For someone who spends much of his life paid to be in front of others, I don't much like being looked at. I think, maybe, because there is a huge difference between how I am perceived professionally, at the front of a room in a position of respect, and personally when living an ordinary life. In one part of my life, I am 'speaker' or even 'expert'. In another area of my life I am 'mutant' or even 'disgusting'. It sometimes gives me mental whiplash as I gear up or down between perceptions.

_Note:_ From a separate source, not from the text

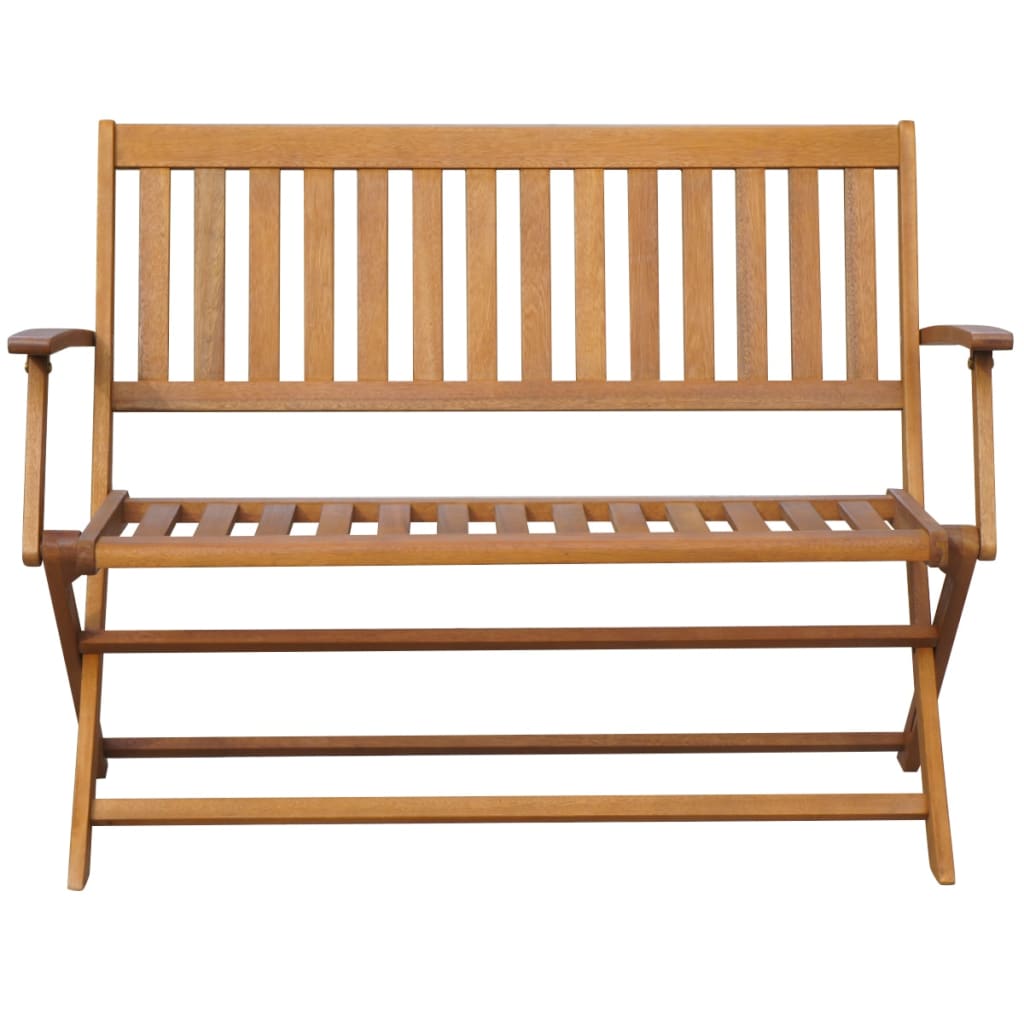 vidaXL Folding Garden Bench Outdoor Patio Bench with Cushion Solid Wood Acacia-42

One thing I'm really peculiar about. I don't like to be seen getting out of a car. Because my legs and feet work differently than those of others, I have a convoluted way of exiting vehicles. I know it's graceless and I know it's awkward but I also know that it works surprisingly well. I have found that people outright stare at me while I perform my own little bit of personal gymnastics. They don't even attempt to conceal their odd interest. I get the sense of what it must have been like to be gawked at by those paying a nickle to see 'difference' in canvas tents at carnivals. It's, to me, personally painful.
It's one of those things I mentioned to Joe early on into my disability. After mentioning it, he also noticed the 'sideshow' mentality of those nearby. Without really talking much about it we've developed a kind of tag team effort to keep me safe and to frustrate the onlookers. If there is anyone around, Joe opens the door and then places himself as a block to the view of onlookers. Most of them don't have the moxie to then move around to get a better view of the 'event'.
I appreciate this more than I can say. Though I am not ashamed of my disability, I also do not want to live my life on display. Though I am not ashamed of moving differently, I do not want to perform for the interest of otherwise bored eyes. I like my privacy. I like being able to be different and unseen at the same time. I like to be seen on my terms, not to be defined on 'others'.
Getting out of a car.
Before I became a disabled guy, it was something I never thought about.
After becoming disabled, it's become something different. Something political. Something defiant.
It's like there is new meaning to movement. New meaning to what was once ordinary.
Disability - discover the nature of the new you, discover the nature of the cold stare.